Baltimore leadership’s casual attitude toward the drug crime devastating the minority community, whose champion it pretended to be, was evidenced by the fact that as of 2000, only 23 detectives in the entire city were actively investigating narcotics cases—even while nearly 10% of Baltimore’s population was addicted to drugs, and epidemics of heroin and cocaine abuse reached levels unmatched in virtually any other American city. Further, just 4 officers in all of Baltimore were tasked with tracking down the suspects who had been named in some 54,000 open arrest warrants—250 of them for murder or attempted murder.

As a result of Baltimore’s widespread political corruption, failing economy, high taxes, and escalating crime rates, the city’s overall population fell by more than 120,000 during the 1990s. In the process, tens of thousands of homes were simply abandoned by their occupants.

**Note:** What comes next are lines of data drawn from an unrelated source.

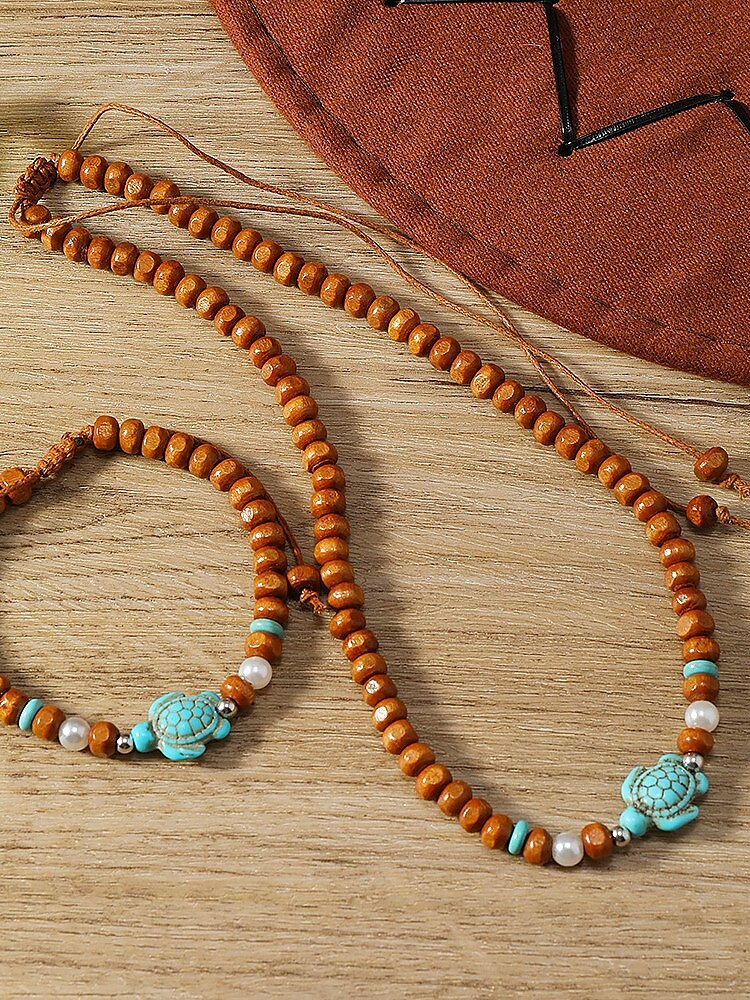 Men's Natural Wood Bead Turtle Necklace and Bracelet Set – Boho Beach Style Adjustable Jewelry for Summer Vacations and Casual Wear 2025 - $11.99 –P4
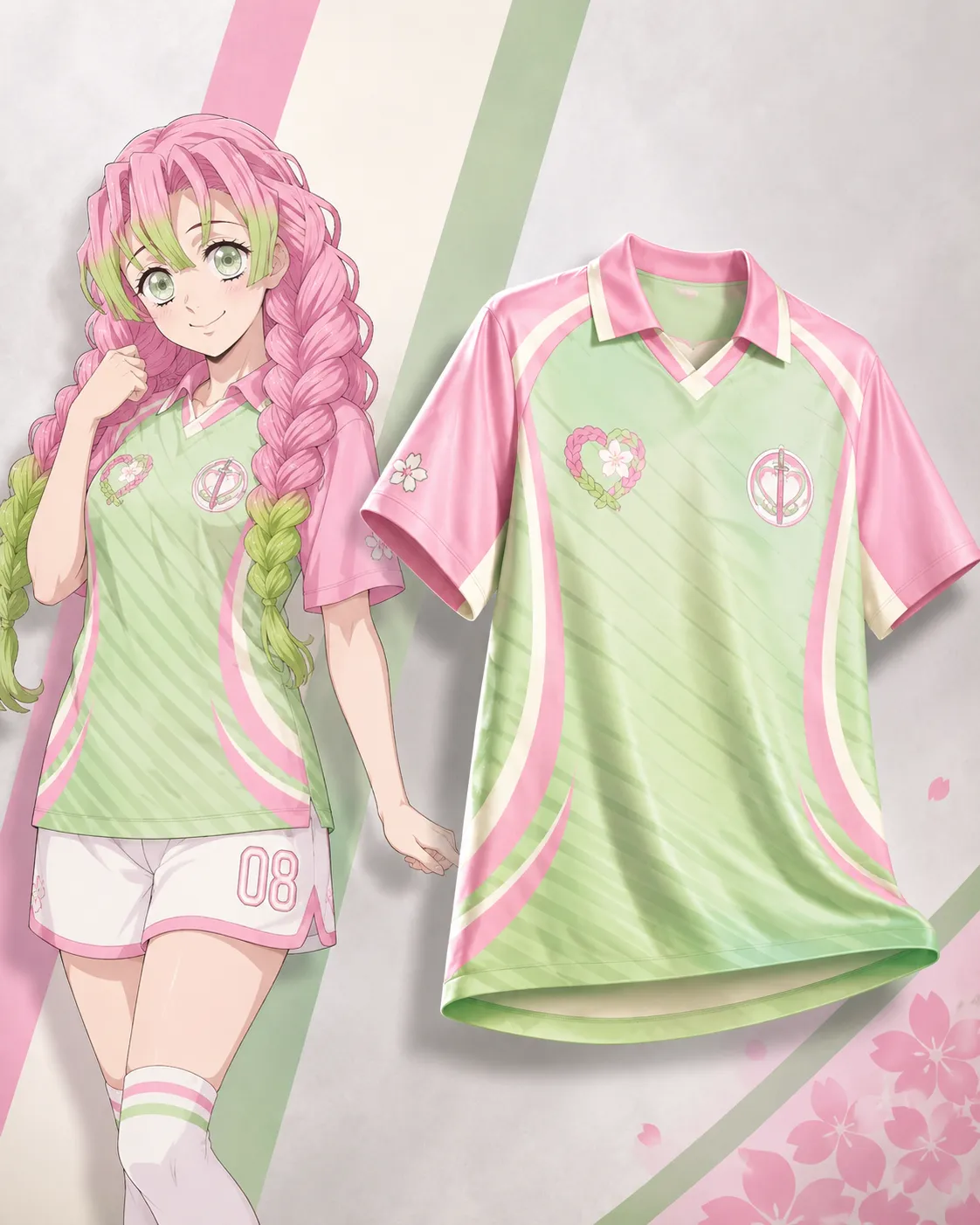 Demon Slayer Mitsuri Kanroji Football Jersey, Love Hashira Pastel Green and Pink Anime Soccer Shirt, Cherry Blossom Collared Fan Tee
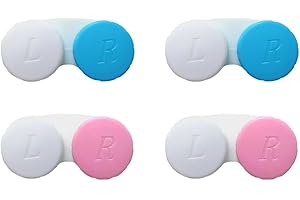 Nazeauf Contact Lens Cases - 4pcs Portable Contact Lens - Travel Contact Lens Cases,Contact Lens Soaking Storage Case with L and R Caps,Contact Lens Cases Holder Box（Pink+Blue）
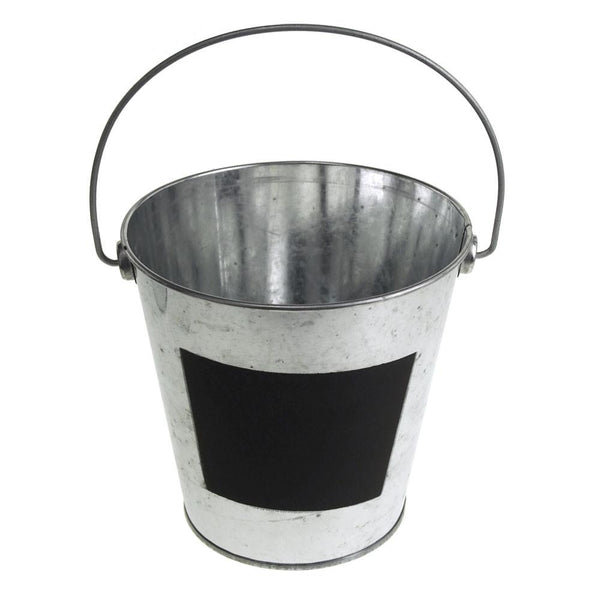 Galvanized Metal Bucket with Chalkboard Label, 5-1/2-Inch, Silver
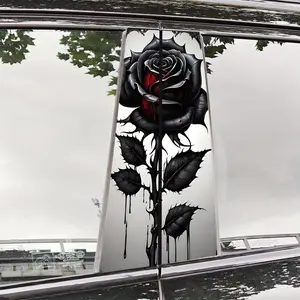 Black Rose Pattern Car Sticker, Self-adhesive Waterproof Door Pillar Protective Film, High Gloss Finish Sticker for Vehicle B-pillar Decoration, Truck Decals, Car Accessories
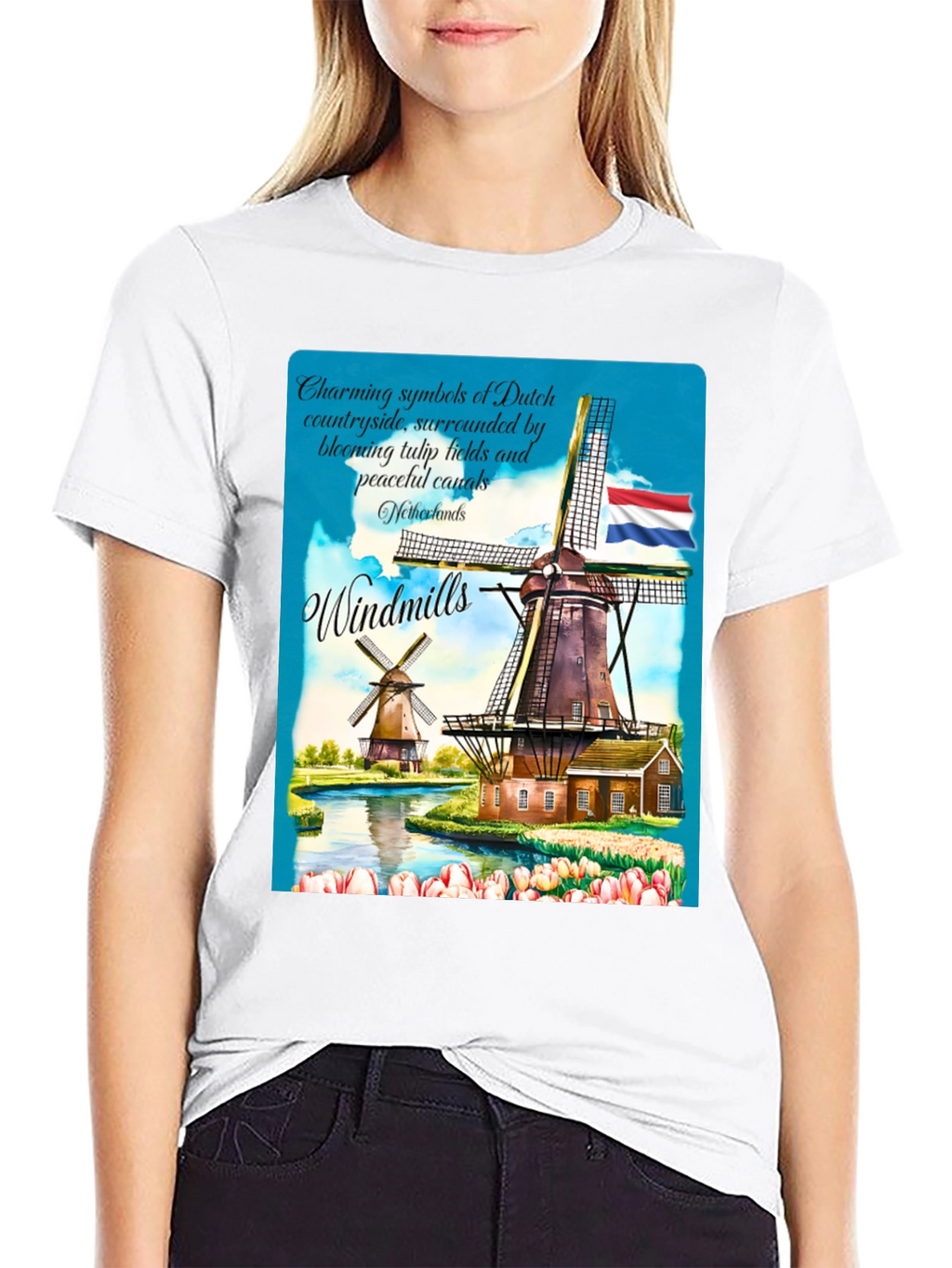 Netherlands Windmill Graphic T-Shirt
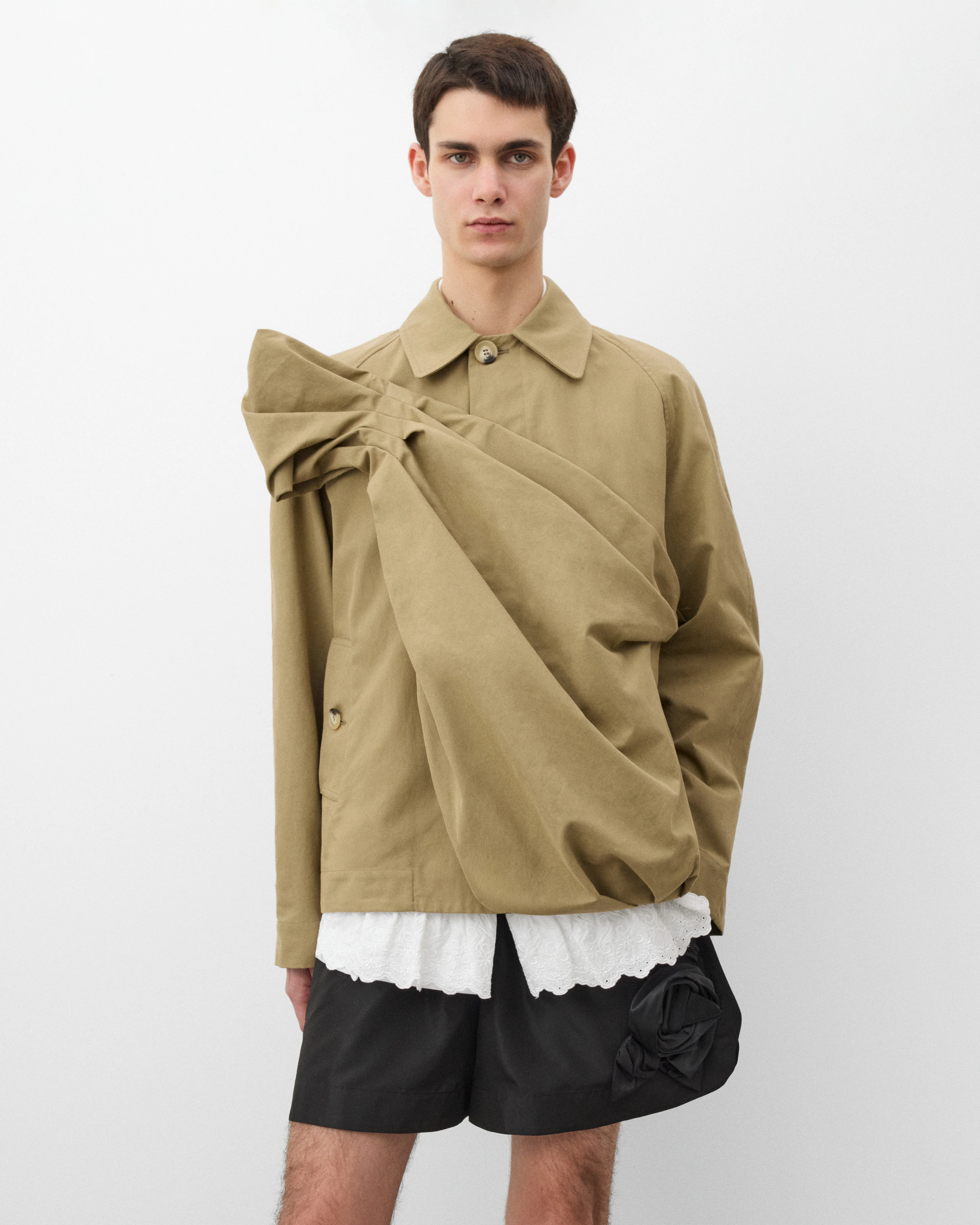 Simone Rocha - Men's Gathered Flower Sash Jacket - (Khaki) - Image 3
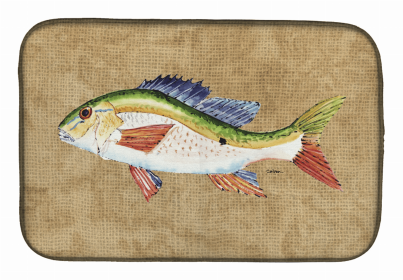 Sealife Themed Dish Drying Mat (size: 14 x 21Rainbow Trout)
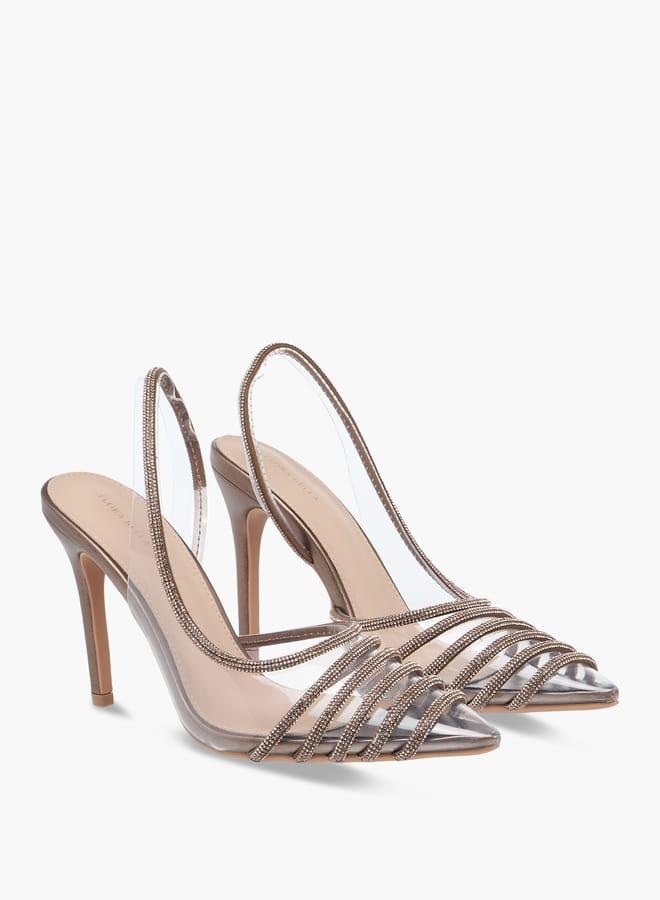 Flora Bella By Shoexpress Women Embellished Slingback Pointed Toe Shoes with Stiletto Heels Ramadan Collection - Image 3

In 1999 Democratic city councilman Martin O’Malley won Baltimore’s mayoral race by campaigning on a law-and-order platform, but in part because of the legacy he inherited, he was ultimately unable to fulfill his crime-reduction pledges. In 2005, criminal-justice statistics for Baltimore indicated that 17.6 violent crimes were committed for every 1,000 residents—a figure almost 80% higher than America’s big-city average. Baltimore’s murder rate, meanwhile, was nearly three times higher than the big-city average—just as it had been when O’Malley first took office in 2000. Robberies and aggravated assaults (including nonfatal shootings) had dropped slightly since 2000, but were still more than twice as prevalent as in other large American cities.

Also under O’Malley, Baltimore’s anemic economy lagged noticeably. Between 2001 and 2004, the city lost nearly 5% of all its jobs, including a quarter of its manufacturing jobs, 15% of its banking and finance jobs, and 5% of its retail jobs. From 2000 to 2007, private-sector employment in Baltimore shrank by 10.4%—a loss of approximately 33,600 jobs. During that same seven-year period, employment in the areas immediately outside of Baltimore grew by 13.9%—after having grown by 25.1% during the 1990s.

In 2007 O’Malley was succeeded as mayor by fellow Democrat Sheila Dixon, who was forced to resign three years later when convicted of embezzlement and perjury. Replacing Dixon was city council president and Democrat Stephanie Rawlings-Blake.

Baltimore’s economy remains weak to this day. The city’s residents have a median household income of $38,721 (about 45% below Maryland’s state average) and a poverty rate of 25.7% (about 1.7 times the national average). Among America’s 100 most populous cities, Baltimore ranks 87th in median household income.

The violent crime rate in Baltimore is currently 3.7 times higher than the national average. This figure includes astronomical rates of murder (6.6 times the national average), rape (twice the national average), robbery (4.8 times the national average), and assault (3.2 times the national average).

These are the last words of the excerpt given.